One important and often overlooked element of a VIX spike is surprise. Similar to Nassim Taleb’s idea that a black swan cannot be anticipated, if all of the Bob Janjuah’s of the world predict an impending market crash, the media runs with the story, and investors rush out to snap up portfolio protection…then it becomes much less likely that people will panic and the market will crash if stocks start to turn down. Put another way, where there is a safety net, there is a lot less fear.
Another point worth noting is that the DJIA is not representative of the broader markets, as reiterated by Adam at Daily Options Report today in Lookout Below?
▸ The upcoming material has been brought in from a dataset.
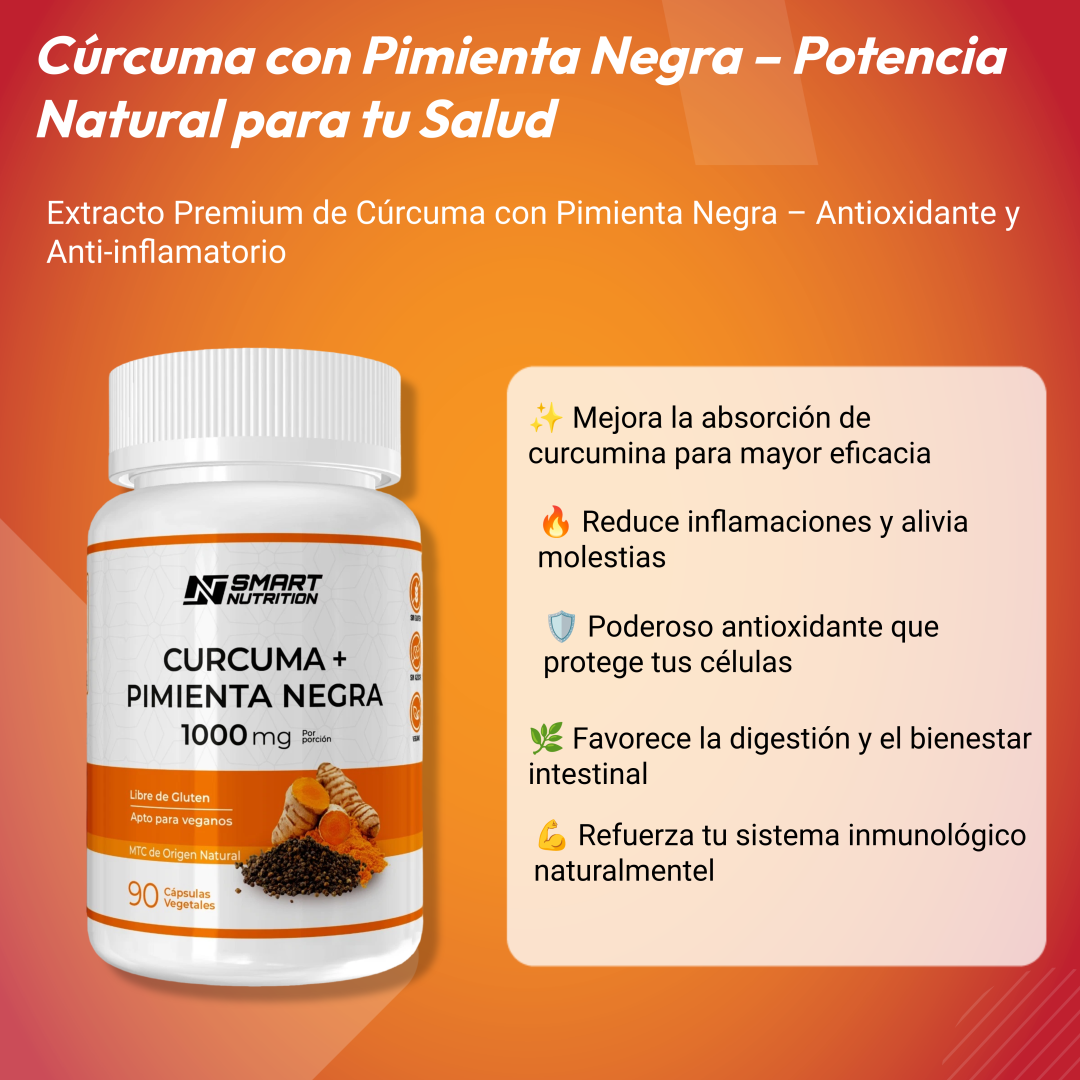 Cúrcuma + Pimienta Negra 1000 mg - 90 cápsulas vegetales | Smart Nutrition SmartNutrition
The Russell 2000 and NASDAQ-100 indices, for instance, are showing considerably more resiliency in the recent downtrend.
Turning to the VIX:SDS ratio, which I unveiled last August in Fear vs. Volatility (follow the links for some background and explanatory notes), I use this indicator to evaluate the amount of fear and complacency in the market relative to market movements. The size and direction of the gap between the current ratio and the 100 day SMA or the 10 day SMA and the 100 day SMA provide some useful information about the incremental sentiment involved in market moves.
At the moment, it looks as if the VIX:SDS ratio is showing a small amount of complacency, which I find a little unusual for the current market environment, but not particularly noteworthy. Of course, if investors see the monster approaching and prepare themselves accordingly, it is a good bet that the monster will never quite make it close enough to terrify the markets.